Tahun 1970, operasi tambang berskala penuh pun dimulai dan
kemudian pengapalan ekspor pertama kosentrat tembaga
berlangsung 1972. Diperkirakan, sejak beroperasi hingga 2010
Freeport sudah menyedot 7,3 juta ton tembaga dan sekitar 725
juta ton emas, tanpa kontrol yang jelas dari rejim Orde Baru
pimpinan Soeharto, rejim Habibie, Gus Dur, Megawati hingga
Susilo Bambang Yudhoyono.
Sebaliknya, pihak Freeport dinilai tidak terbuka dan tidak jujur
dalam pelaporan besaran dan jenis tambang yang dieksploitasi
dari Ertsberg. Bahkan audit lingkungan dan sosial yang dilakukan
terhadap tambang Freeport, dianggap hanya sebagai bentuk
legitimasi atau pembenaran terhadap eksploitasi kekayaan
tambang tanpa batas.
Tidak mengherankan, kalau ada pihak yang memperkirakan
kandungan emas, tembaga serta uranium yang dikeruk dari
Ertsberg dan Grasberg yang ditemukan pada tahun 1988, bisa
mencapai nominal 8000 triliun rupiah setiap tahunnya dalam
konversi rupiah.
“Bandingkan saja misalnya dengan jumlah APBN Indonesia setiap
tahun, hanya sekitar 1200 triliun rupiah.
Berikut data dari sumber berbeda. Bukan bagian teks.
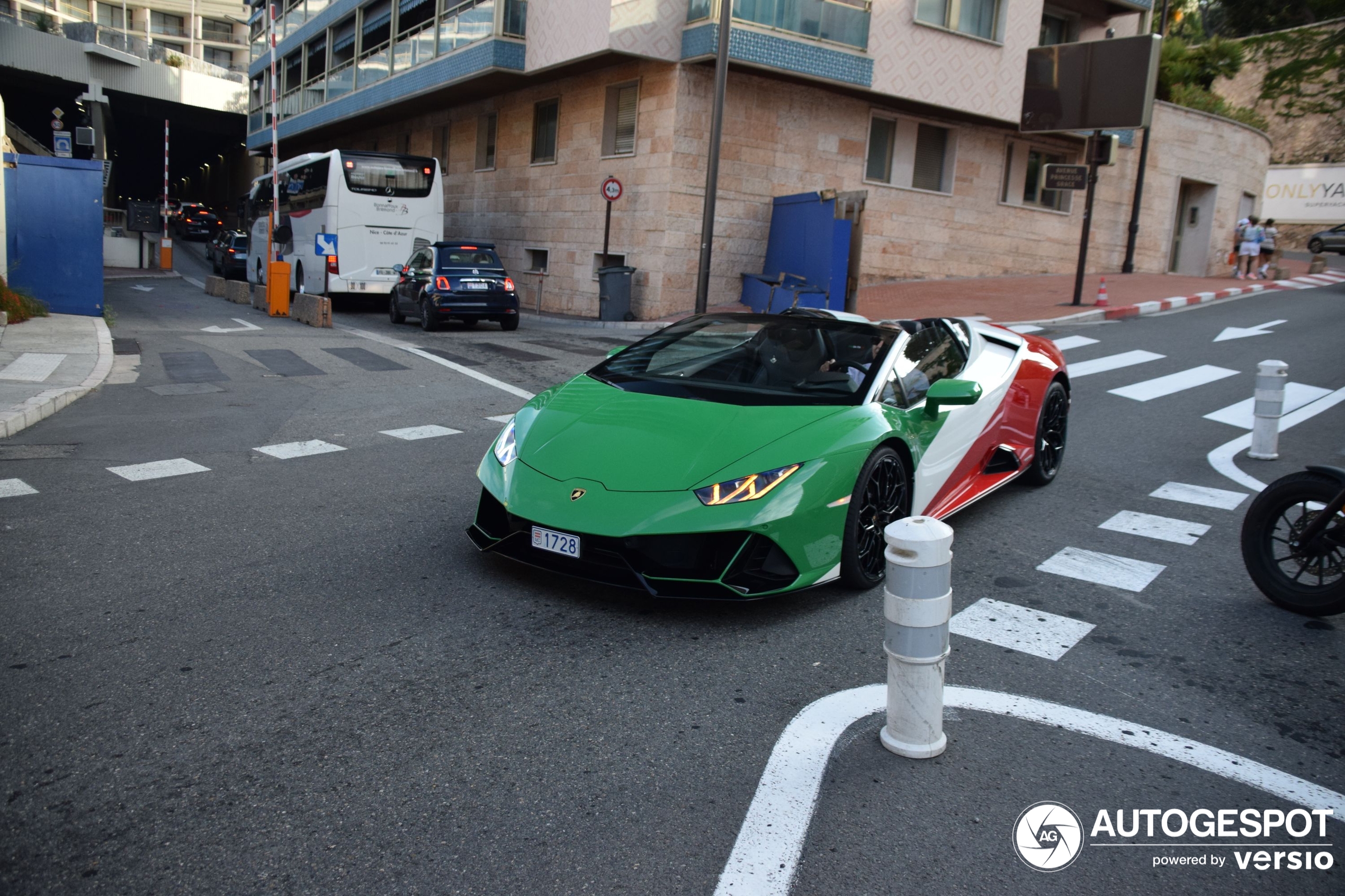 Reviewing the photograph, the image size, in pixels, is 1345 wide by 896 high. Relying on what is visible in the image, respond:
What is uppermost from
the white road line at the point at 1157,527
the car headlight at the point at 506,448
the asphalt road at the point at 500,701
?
the car headlight at the point at 506,448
Sementara royalti
Freeport, secara resmi hanya sekitar 1 persen per tahun,” tutur
sumber matanews.com, Kamis (03/11).
Lalu setega itukah Freeport untuk membagi hasil kekayaan yang
dikeruk hingga ke perut bumi Cendrawasih dan membiarkan
rakyat Papua mengais sampah sisa makanan yang dibuang dari
camp Hidden Valley, lokasi tambang di ketinggian 4000 meter dari
permukaan laut itu?.
Sejak jaman Soeharto, secara kasat mata Freeport memang jadi
bancakan bagi kaum penguasa republik dan aparat keamanan.
Diduga banyak uang ilegal yang dibagi-bagi alias mengalir ke
kantong-kantong pribadi dan kelompok.
Pihak Freeport pun sangat menyadari praktek distribusi uang
centeng, dengan tujuan kelangsungan dan kelanggengan
pengerukan emas, tembaga hingga uranium dari tanah Papua.
Pengakuan pihak Freeport telah memberikan uang pengamanan
sebesar 14 juta USD setiap tahun kepada pihak kepolisian,
hanyalah salah satu alokasi dana yang tidak masuk resmi ke kas
negara. Diyakini, uang centeng dari Freeport, juga mengalir ke
pihak tentara, Pemda hingga elit penguasa lokal dan pusat.
Kisruh Freeport yang kini masih berlangsung, memang telah
mengganggu kenyamanan kelompok centeng yang menari di atas
penderitaan bahkan nyawa rakyat Papua, maupun buruh
tambang yang gigih memperjuangkan haknya.
Bahkan upaya Presiden SBY membentuk Unit Percepatan
Pembangunan di Papua dan Papua Barat (UP4B) yang dikepalai
Bambang Darmono, ditengarai hanya akal-akalan untuk
menetralisir memburuknya situasi di bumi Cendrawasih, sekaligus
alat mengatur penampungan aliran uang centeng dari Freeport
yang terus mengalir, entah sampai kapan.